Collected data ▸
▼

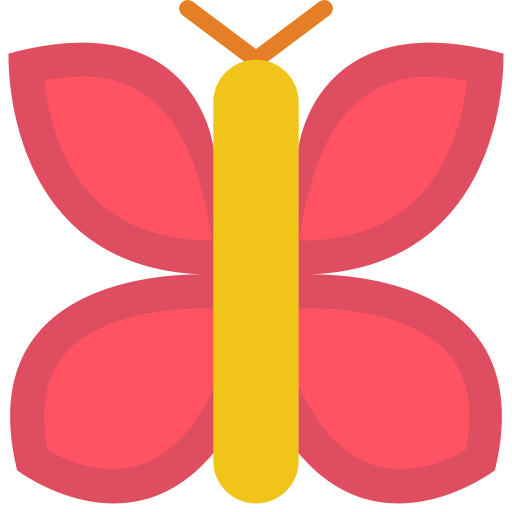 vlinder Basic Miscellany Flat icoon
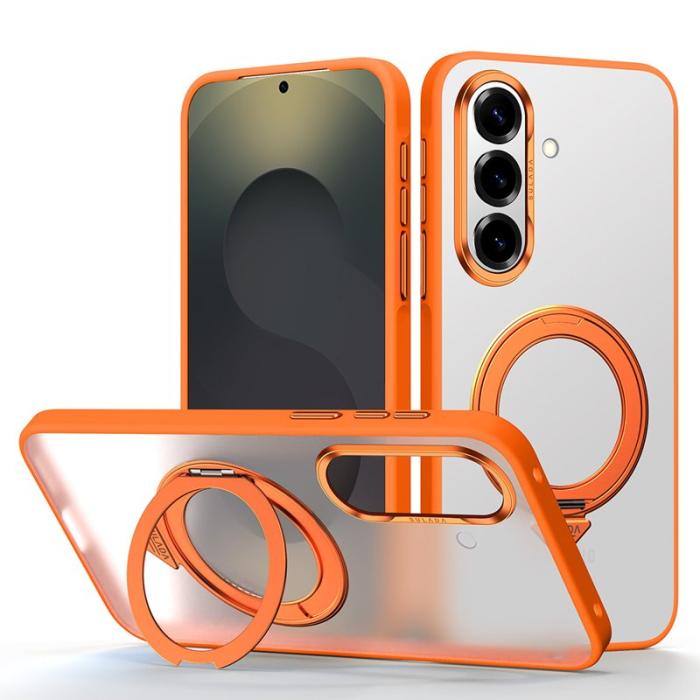 SULADA - Sulada Mobilskal för Samsung Galaxy S26 Plus Magnetiskt med Kickstand - Orange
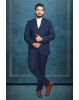 Men Navy Blue 3 pIece Formal Suit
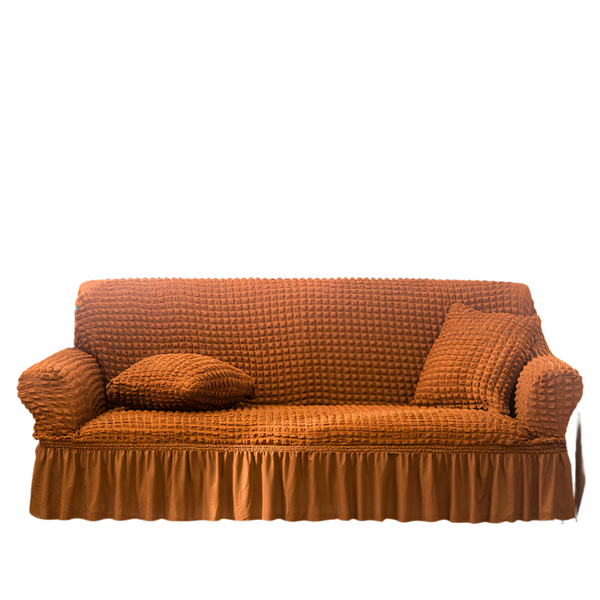 Elastic Sofa Cover Mustard Yellow (145 185Cm) Slipcovers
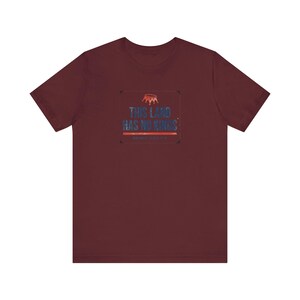 No Kings T-Shirt | This Land Has No Kings Vintage Protest Tee | Anti Authoritarian Pro Democracy Shirt, America Since 1776 image 12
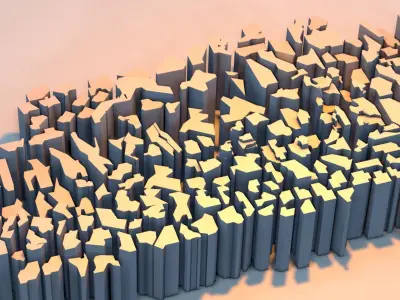 futuristic architecture set - 27 3D model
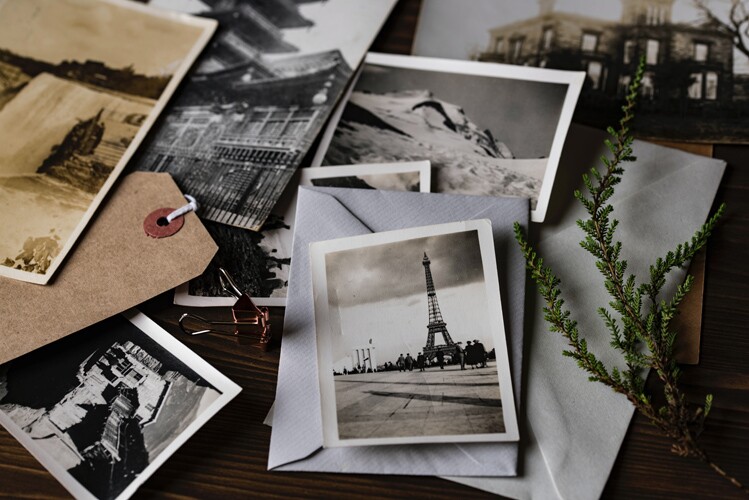 French photographs, including the eiffel tower.
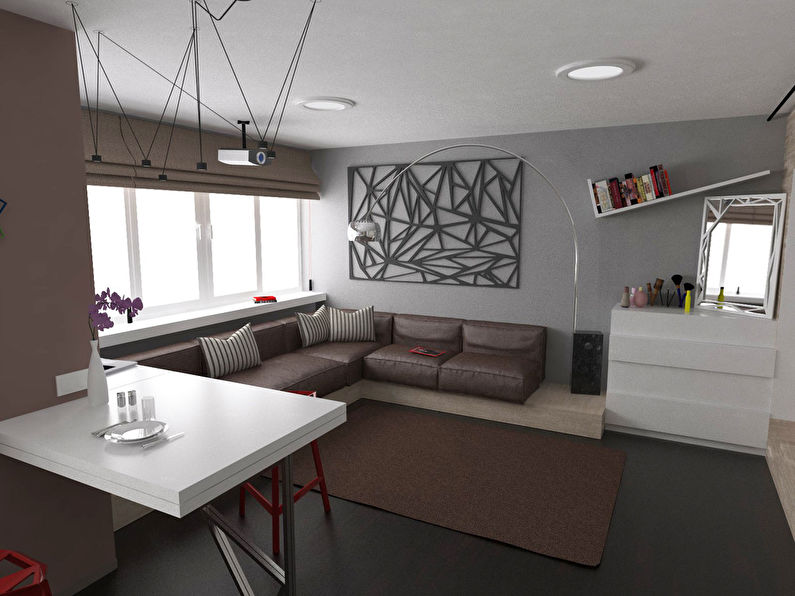 Apartment for a young couple, 38 m2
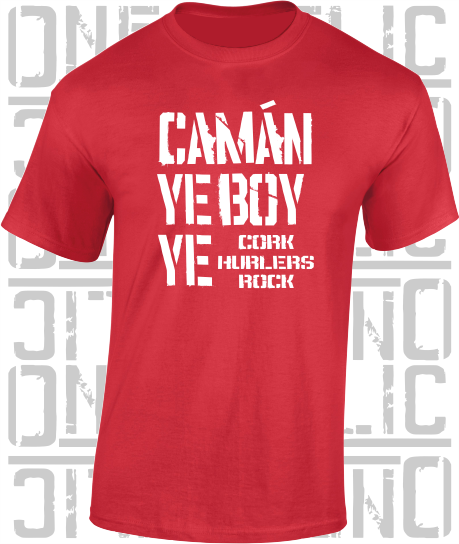 Camán Ye Boy Ye - Hurling T-Shirt Adult - Cork
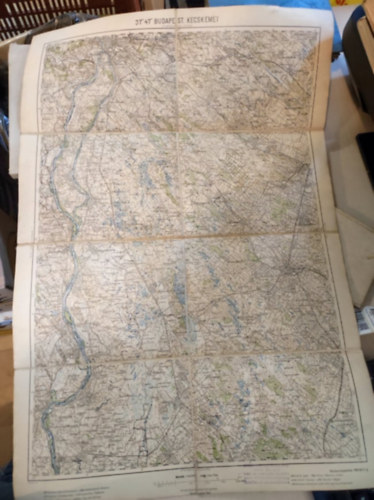 Budapest, Kecskemét térkép 1918.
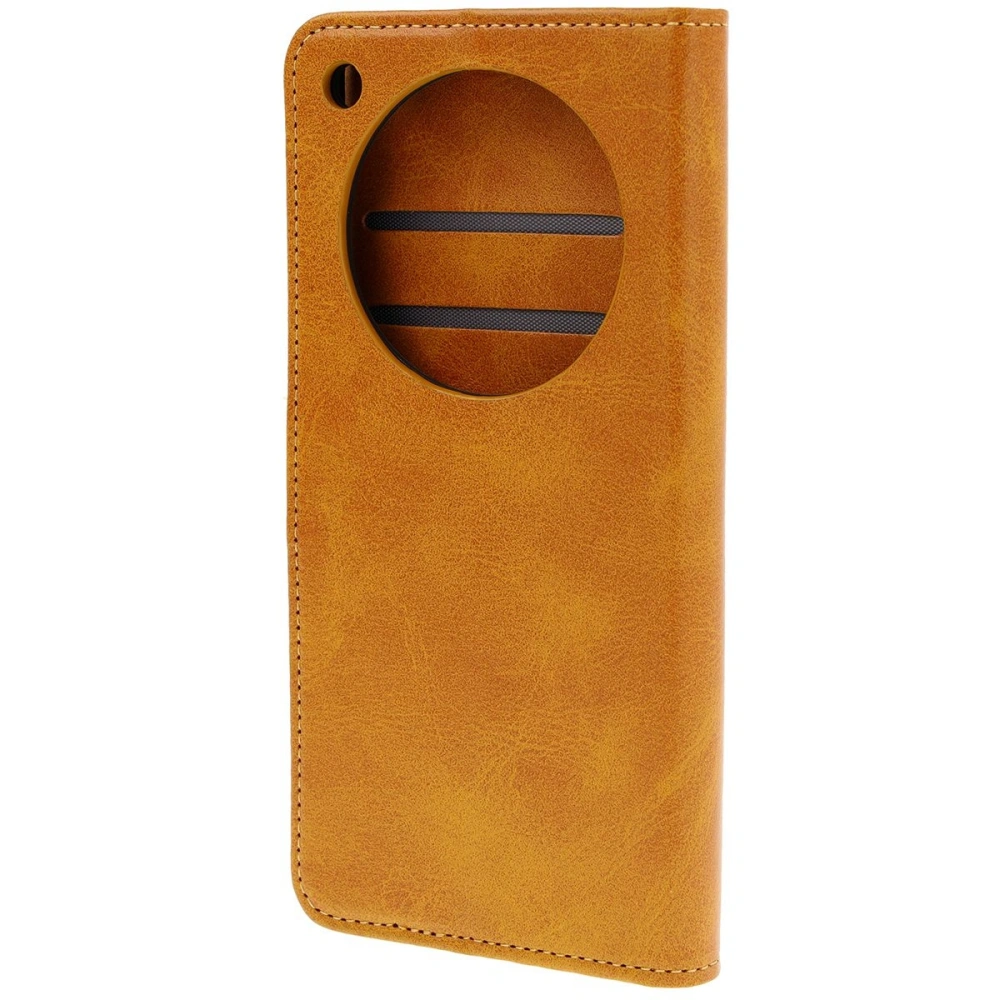 Etui z klapką Bizon Case Pocket do Oppo Find X8 Pro brązowe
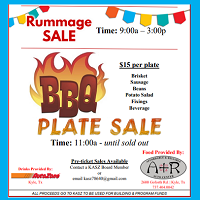 Kyle Area Senior Zone Rummage Sale & BBQ Plate Sale
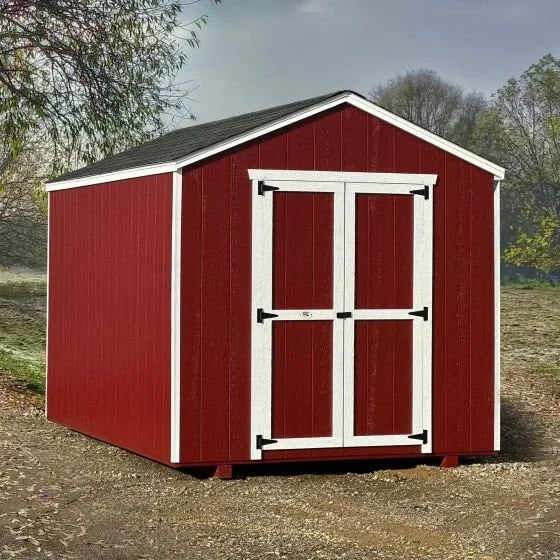 Little Cottage Co. 12×12 Pre-Cut Gable Shed Kit – Wooden Outdoor Storage Building | TSH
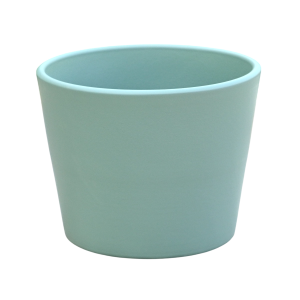 Osłonka ceramiczna PRYMULA 12cm ZIELONA SZAŁWIA - doniczka ozdobna na kwiaty
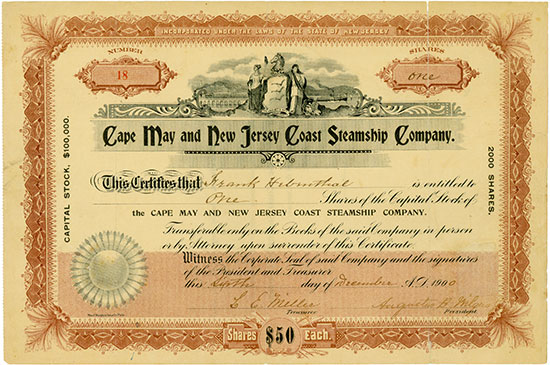 Cape May and New Jersey Coast Steamship Company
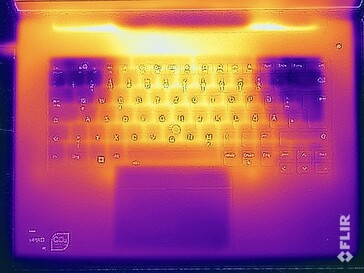Test naprężeń w temperaturach powierzchniowych (góra)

▲

What the task requires ▸ What you return must be the entries above, exactly as they appear, without any pictures.

Answer space ▸
 vlinder Basic Miscellany Flat icoon
 SULADA - Sulada Mobilskal för Samsung Galaxy S26 Plus Magnetiskt med Kickstand - Orange
 Men Navy Blue 3 pIece Formal Suit
 Elastic Sofa Cover Mustard Yellow (145 185Cm) Slipcovers
 No Kings T-Shirt | This Land Has No Kings Vintage Protest Tee | Anti Authoritarian Pro Democracy Shirt, America Since 1776 image 12
 futuristic architecture set - 27 3D model
 French photographs, including the eiffel tower.
 Apartment for a young couple, 38 m2
 Camán Ye Boy Ye - Hurling T-Shirt Adult - Cork
 Budapest, Kecskemét térkép 1918.
 Etui z klapką Bizon Case Pocket do Oppo Find X8 Pro brązowe
 Kyle Area Senior Zone Rummage Sale & BBQ Plate Sale
 Little Cottage Co. 12×12 Pre-Cut Gable Shed Kit – Wooden Outdoor Storage Building | TSH
 Osłonka ceramiczna PRYMULA 12cm ZIELONA SZAŁWIA - doniczka ozdobna na kwiaty
 Cape May and New Jersey Coast Steamship Company
Test naprężeń w temperaturach powierzchniowych (góra)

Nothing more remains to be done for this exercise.